Yerime sakince otururken kompartımanın kapısı açıldı. Uzun parmaklı, düzgün elleri ilk dikkatimi çeken şey olmuştu. Başındaki şapkayı çıkarıp selam veren kibar beye baş selamı ile karşılık verdim. ‘’ Rahatsız etmeyeceksem burayı sizinle paylaşabilir miyim?’’ dedi büyük bir nezaketle. ‘’Elbette’’ dedim aynı şekilde. Karşıma oturduğunda ondaki başkalığın uzun beyaz sakalları ile ilgili olmadığını ilk anda hissetmiştim. Gözlerindeki derinlik hemen insanı içine çeken cinsinden idi. Eğer bu kadar yaşlı bir adam olmasa ilk görüşte aşka düştüğümü bile düşünebilirdim. Sanki uzun zamandır tanıdığım bir yüze bakıyordum. Onu öyle büyük bir coşku ile sevdim ki bu saçma duyguma bir anlam veremedim. Onunla konuşarak bu coşkulu hislerimden kurtulabileceğimi düşündüm.
- Yolculuk nereye?
- İçimize … Her gittiğimiz yerde sadece kendimize varıyoruz aslında.
- Felsefe seviyorsunuz sanırım.
- Siz de seviyorsunuz.
- Beni tanıyor musunuz?
- Daha çok siz beni tanıyorsunuz aslına.
- Ben… Bir şey anlamadığımı söylesem…
- Her şeyin bittiği yerden alıp beni getirip karşınıza oturtan siz olduğunuza göre anlamış olduğunuz bazı şeyler olmalı.Hayatın rastlantısal olduğuna inanıyorsanız ikimizin bu kompartıman da var olmasını da açıklamış olursunuz.
- Var oluşumuzun bile rastlantısal olduğuna inanıyor muyum? Bundan henüz emin değilim. Her şey mükemmel bir düzen içinde oluşup yok oluyor. Bunca tesadüf… Bilemiyorum.
- Ben size inançlarınızı terk edin demiyorum. Şiddetten temizlenmiş tüm dinleri kabul edebilirim aslında. ‘’ ’Sezar’ın hakkı, Sezar’a... Allah’ın hakkı, Allah’a...’ demişliğim bile vardır. İyelik korunsun diye din pazarlarının açılıp din temsilcileri tarafından satışa sunulduğu ortamlarda hava pusludur. Yönünü bulmak oldukça zordur. Bu temsili ret etmek benim seçimimdi.
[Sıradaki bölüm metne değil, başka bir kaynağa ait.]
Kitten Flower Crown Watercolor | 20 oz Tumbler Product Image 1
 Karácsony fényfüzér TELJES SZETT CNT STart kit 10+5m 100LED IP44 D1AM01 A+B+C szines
- Ben bu sözü hatırlıyorum. İsa’nın bu sözü üzerine şiddet karşıtı bir din şekillenmeli, dinleri sömürüden kurtarmalı diyen…
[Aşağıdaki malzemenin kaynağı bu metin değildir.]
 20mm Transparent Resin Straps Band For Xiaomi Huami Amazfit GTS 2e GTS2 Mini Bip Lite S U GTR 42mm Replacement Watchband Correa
Yok! Daha neler o siz olamazsınız. Siz...?
- Benim kim olduğumun bir önemi yok. Ben hayatı boyunca kendisini öğretmeye ve bilmeye adamış bir adamdan başka bir şey değilim. Geldiğimiz bir yer var ise de gideceğimiz bir yer olmadığına inanıyorum. Ölüm hayatın en basit gerçeği. Ölüme yüklenen onca anlamın anlamsızlığı açıklanabilir bir durum değil aslında.
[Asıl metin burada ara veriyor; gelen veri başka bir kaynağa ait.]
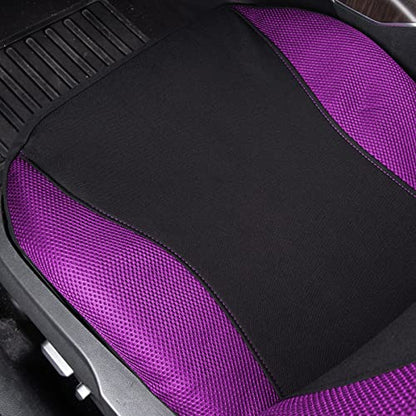 Flying Banner Butterfly car seat Covers ful Set Fashion Universal Lady Woman Female Rear Bench Split Colorized (2 Fronts, Purple) - color: Purple, size: 2 Fronts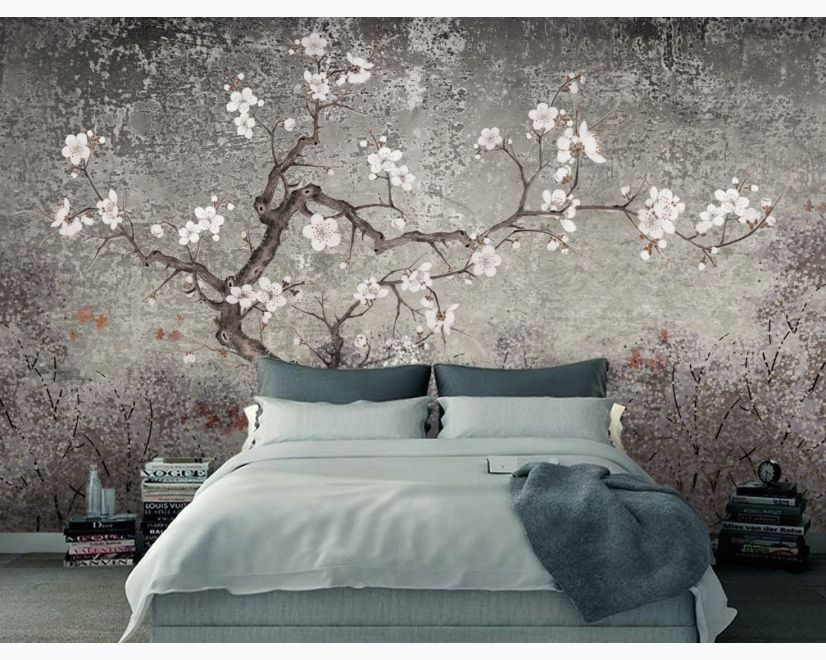 Vintage Dark Blossom Wallpaper Mural main product photo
- Bilgeliğiniz her kelimeniz de ışık saçıyor. Sözleriniz çok eski bir dostun sesi kadar tanıdık ve samimi. Ben hala büyüme ağrıları çeken bir belleğe sahibim. Nereye ve ne kadar daha gideceğimi bile bilmiyorum. İçinde olduğumuz bu trenin bir güzergahı var. Ne yapacağını biliyor, gidebileceği yol belli. Rayların dışında hareketi mümkün değil. İşte ben de kendi hayatım içinde bu durumdayım. Bu durumu değiştirmek ve gidebileceğim başka yönler için de seçim şansım olsun istiyorum. Kendi ruhumda sıkışıp kalmış bir başkası var ve artık öyle büyüdü ki onu hapsettiğim yerde daha fazla kalmak istemiyor.
- ‘’Gelişim aşamalarının bazı bölümlerinde ilerleme yanlış yönde gelişebilir.’’ Cümlesini kurduğumda böyle bir şeyi anlatmak istemiştim. Yön! Neden var olduğumuzu bulmaya gidecek her yönü doğru kabul edebilirim. ‘’Benim için tek olan gerçek insanın kendisidir’’ derken senin gerçek olduğunu sana zaten söylemiştim. Mesele, bir şeyi niçin yaptığınla ilgili. Bunu bilmek önemlidir.
Her şeyin tekamül ettiğini savundum ben. Her şeyin kültür yolu ile tekamül etmesinden bahsettim. Sahip olduğum güce ve unvanlara itiraz etmeden kendi doğrularımı yine de savundum. Karşı çıktığım sistemin ekmeği ve suyu ile beslenerek büyütülüp eğitildiğim halde onlara kendi kelimeleri ile karşı çıktım. Bunun sonucundan önce nedenine bakacak olursak kültürü göreceğiz.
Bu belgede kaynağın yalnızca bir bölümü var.